Solidarity Share- Intersectional Poverty

This "Solidarity Share" was presented as part of a Keynote Plenary at the 7th Annual Millennium Campus Conference. Solidarity Shares were created by pairs of Delegates from different communities across the globe, finding shared points of struggle, joy, and connection. We hope their stories inspire you to connect across borders, to see the ways that struggles in your community might benefit from solidarity with others.

Mia: My name is Mia Lei, and I am from North Carolina, USA. In my community, poverty is a challenge for global health.

In developing nations, 90% of health care expenses are paid out-of-pocket - the cost burden falls overwhelmingly on the poor. North Carolina paints a similar for the 450,000 people who do not have health coverage and cannot afford basic health care due to politics. Poverty affects health the same everywhere- global is local and local is global.

David: My name is David Maduri, and I am from Kenya. In my community, poverty is a challenge for education.

Poverty is a barricade to a education. Forty two percent of children in Sub-Saharan Africa will drop out before graduating primary school - this leads to unemployment, which affects their ability to afford education for their own children - it is an endless cycle.

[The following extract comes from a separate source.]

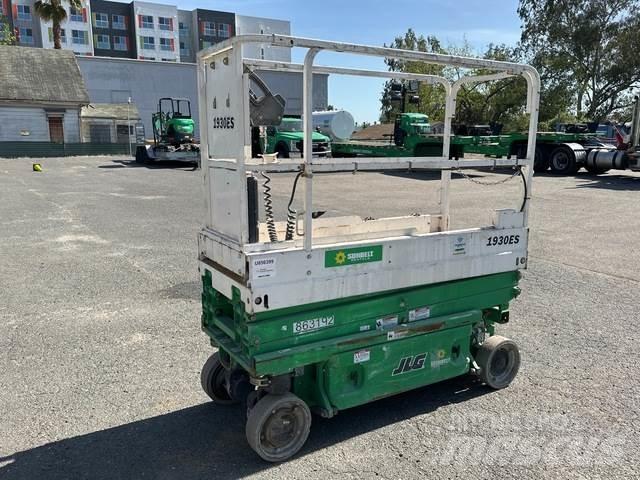 JLG 1930ES Scissor lifts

M: Poverty is the underlying determinant of all of our issues - it affects and is affected by health, education, environment, and technology. It makes our issues intersectional. And that intersectionality requires solidarity from us. By addressing poverty and addressing our issues together, we can create a stronger movement for development and equity. Just imagine if our movements worked together - think how much stronger we could be.

D: Imagine if there was an initiative to support rural children around the poor Lake Victoria region to get an education and make a difference in their own communities. That is my non-profit - educationHOPE. Imagine how children can make better decisions about their own health and their own lives once they´re educated.

M: Now imagine that there were student organizations that educated us not only about partnership-based service models and health inequities, but also empowered us with the strategic negotiating skills to create health policy change in our own communities. Those are my organizations - GlobeMed and the American Mock WHO.

D: Change is not necessarily the huge expectations of the world today , but the inconsiderable shreds of motivation that one puts on another´s life to make them realize their purpose. The foundation of the better world we want for a tomorrow is the action we take today - we are the future of the world.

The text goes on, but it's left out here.